Isn’t this very large set excluded by the axiom of regularity (foundation)

Question

The axiom of regularity is
$$
\forall x:(x \neq \emptyset \to \exists z \in x:z \cap x = \emptyset)
$$
and the negation is
$$
\exists x:(x \neq \emptyset \wedge \forall z \in x:z \cap x \neq \emptyset)
$$
A 'set' $x$ constructed as follows
$$
x := \{z_1,z_2,z_3,\dots\}; \qquad
\begin{cases}
\emptyset \notin x, \\
z_1 = \{z_2,\dots\} = \{\{z_3,\dots\},\dots\} = \dots, \\
z_2 = \{z_3,\dots\} = \{\{z_4,\dots\},\dots\} = \dots, \\
\dots
\end{cases}
$$
should satisfy the negated statement of the axiom, since
$$
x \cap z_n = \{z_{n+1}\} \neq \emptyset, \qquad x \ni z_1 \ni z_2 \ni z_3 , \dots
$$
Now this is a large set that the axiom of reguarity rules out but the set
$$
x' = x \cup \{\emptyset\} = \{\emptyset,z_1,z_2,z_3,\dots\}
$$
is still larger with infinite descending $\ni$-series and yet not ruled out, since
$$
\exists z \in x':z \cap x' = \emptyset, \qquad \text{namely $z = \emptyset$}
$$
Is there a mistake in this reasoning ?

Answer 1

The thing is that your theory is not "just" the axiom of regularity, as witnessed by your attempt to construct sets, which generally require additional axioms to justify why the construction results in a set.
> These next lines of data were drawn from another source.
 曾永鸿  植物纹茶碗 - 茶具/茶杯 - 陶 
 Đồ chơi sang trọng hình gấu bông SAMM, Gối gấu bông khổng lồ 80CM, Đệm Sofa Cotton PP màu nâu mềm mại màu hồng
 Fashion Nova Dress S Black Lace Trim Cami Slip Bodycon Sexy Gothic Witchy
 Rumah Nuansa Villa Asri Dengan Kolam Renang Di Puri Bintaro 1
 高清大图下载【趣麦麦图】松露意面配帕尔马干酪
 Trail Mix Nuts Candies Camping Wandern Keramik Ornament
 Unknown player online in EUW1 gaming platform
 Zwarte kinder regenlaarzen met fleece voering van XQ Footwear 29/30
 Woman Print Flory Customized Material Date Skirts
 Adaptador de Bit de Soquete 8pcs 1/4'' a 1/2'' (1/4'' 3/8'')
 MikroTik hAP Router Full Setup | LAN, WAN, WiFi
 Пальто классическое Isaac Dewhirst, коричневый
If we look at $x\cup\{\varnothing\}$, it's true that it has an element which is disjoint from itself, but if you allow even the most basic Separation axioms, you can construct $x$ out of $x\cup\{\varnothing\}$ by simply look at $\{y\in x\cup\{\varnothing\}\mid\exists z(z\in y)\}$.
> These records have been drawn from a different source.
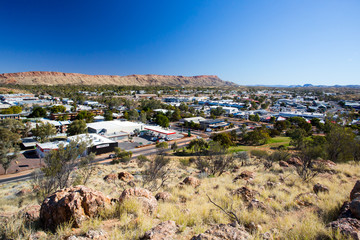 Fototapeta na wymiar View over Alice Springs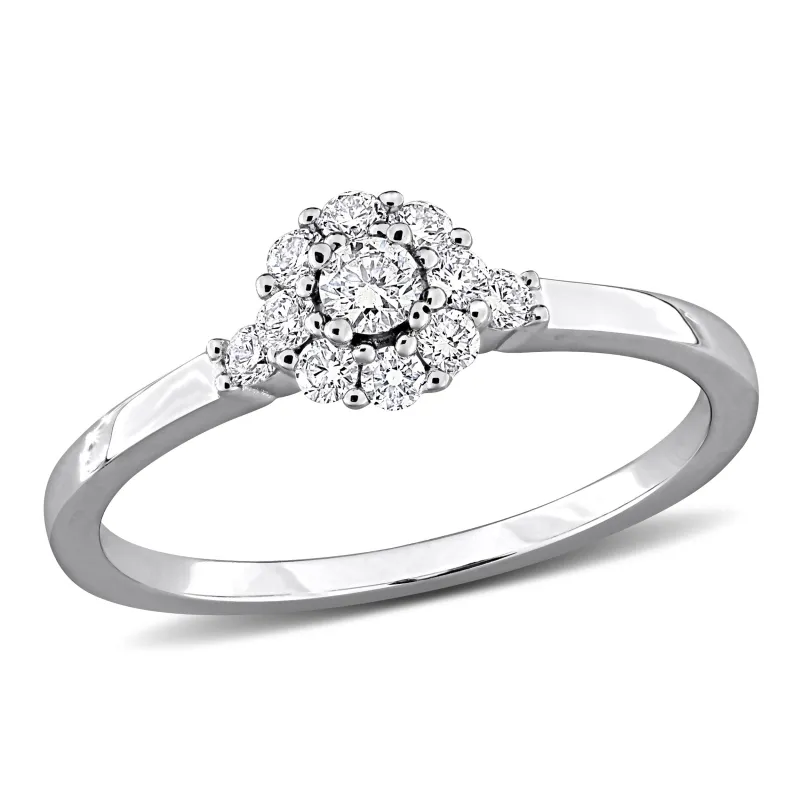 Sofia B. 1/3 CT Lab Grown Diamond TW Ring Silver GH VS1;VS2 made by Zulily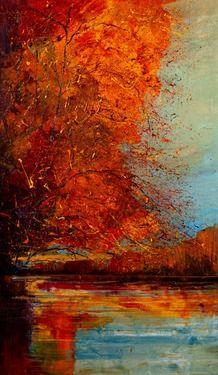 Saatchi Online Artist Justyna Kopania; Painting, "In October..." #art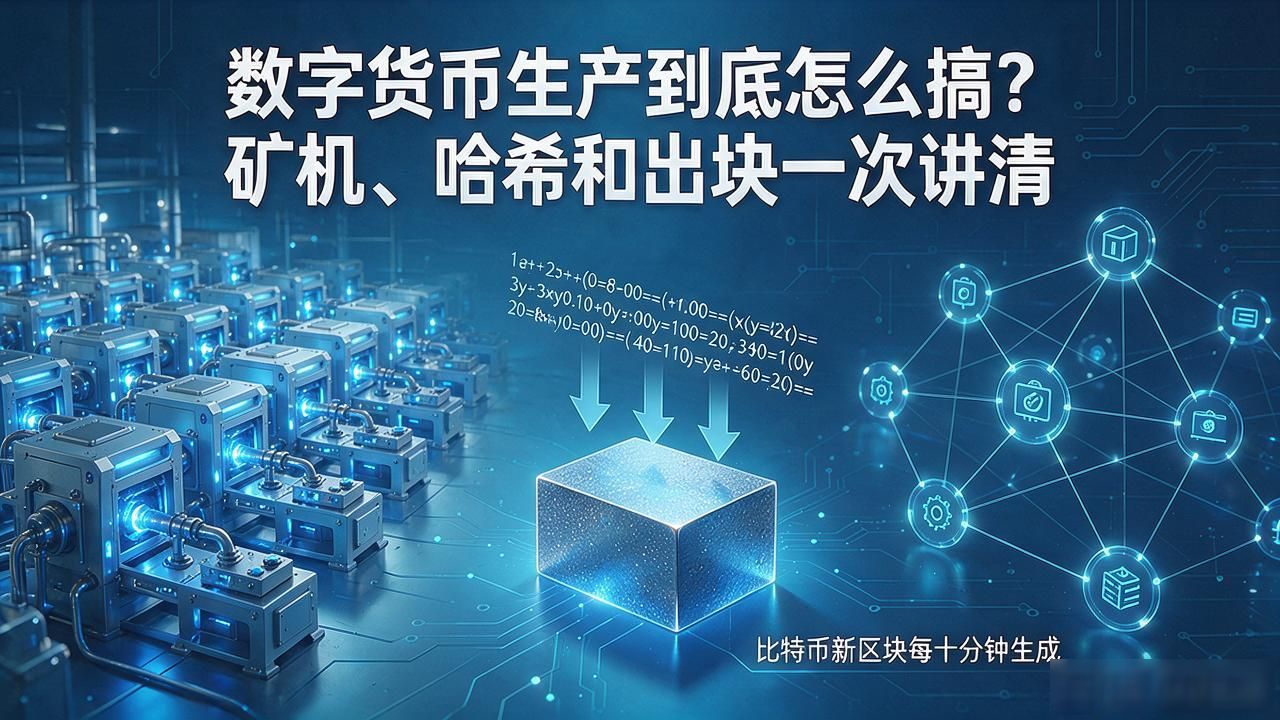 数字货币生产到底怎么搞？矿机、哈希和出块一次讲清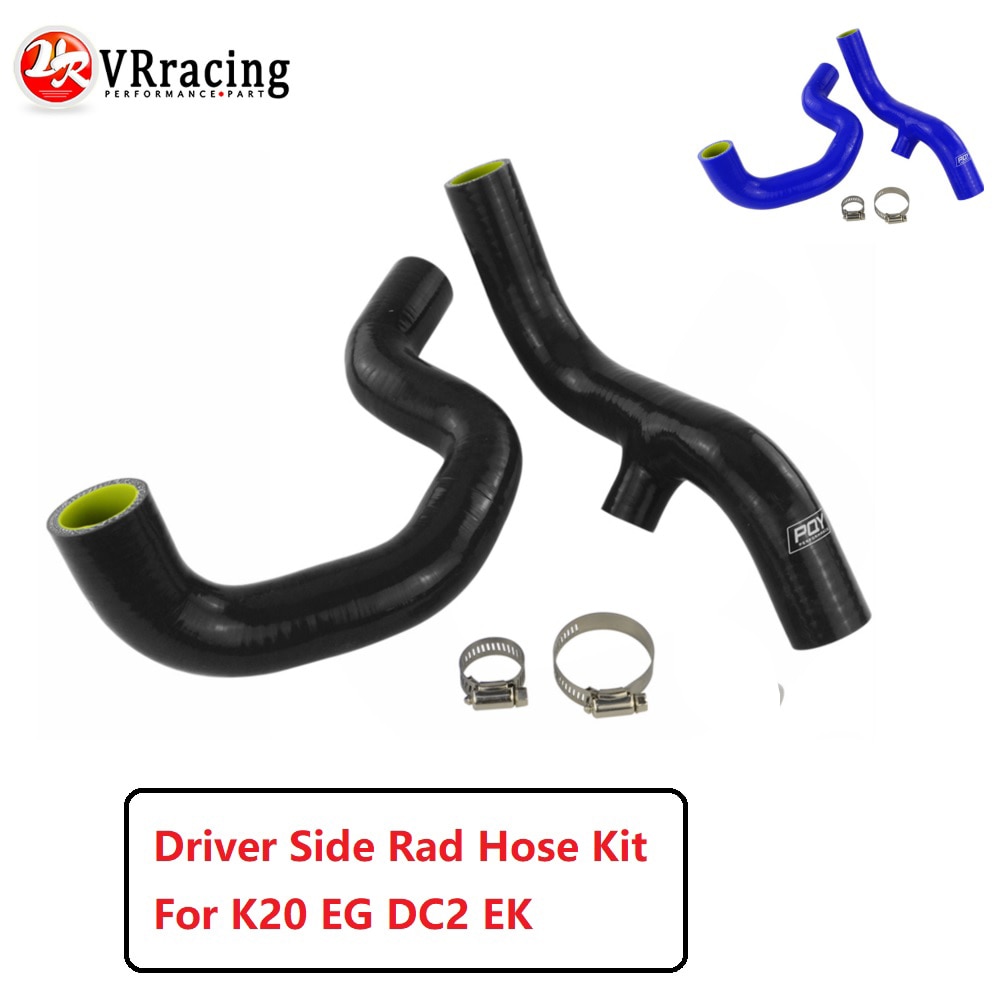 Driver Side Rad Slang Kit Rad Beugels Met Fan Bung Voor Honda K20 Eg DC2 Ek Radiator Siliconen Slang VR-LX1307Kit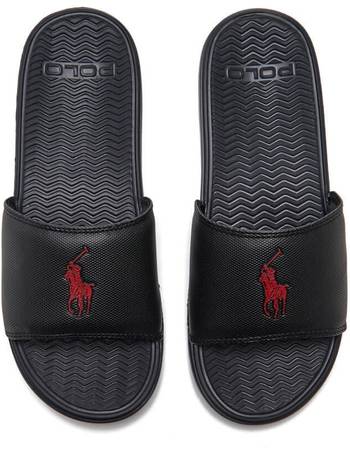 black ralph lauren sliders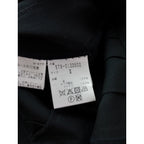 MARGARET HOWELL マーガレットハウエル FINE WOOL POPLIN プリーツスカート 黒 ブラック 2  【中古】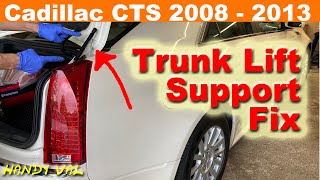 Cadillac CTS Trunk Fix - Trunk Crashing Down? How to Change or Replace CTS Trunk Lift Support Struts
To summarise, it's true that $x\cup\{\varnothing\}$ doesn't immediately contradict the axiom of regularity. But since set theory is not just the axiom of regularity, but includes a lot of other axioms, it's easy to see that it does lead to a contradiction, it simply takes an ever so slightly longer proof.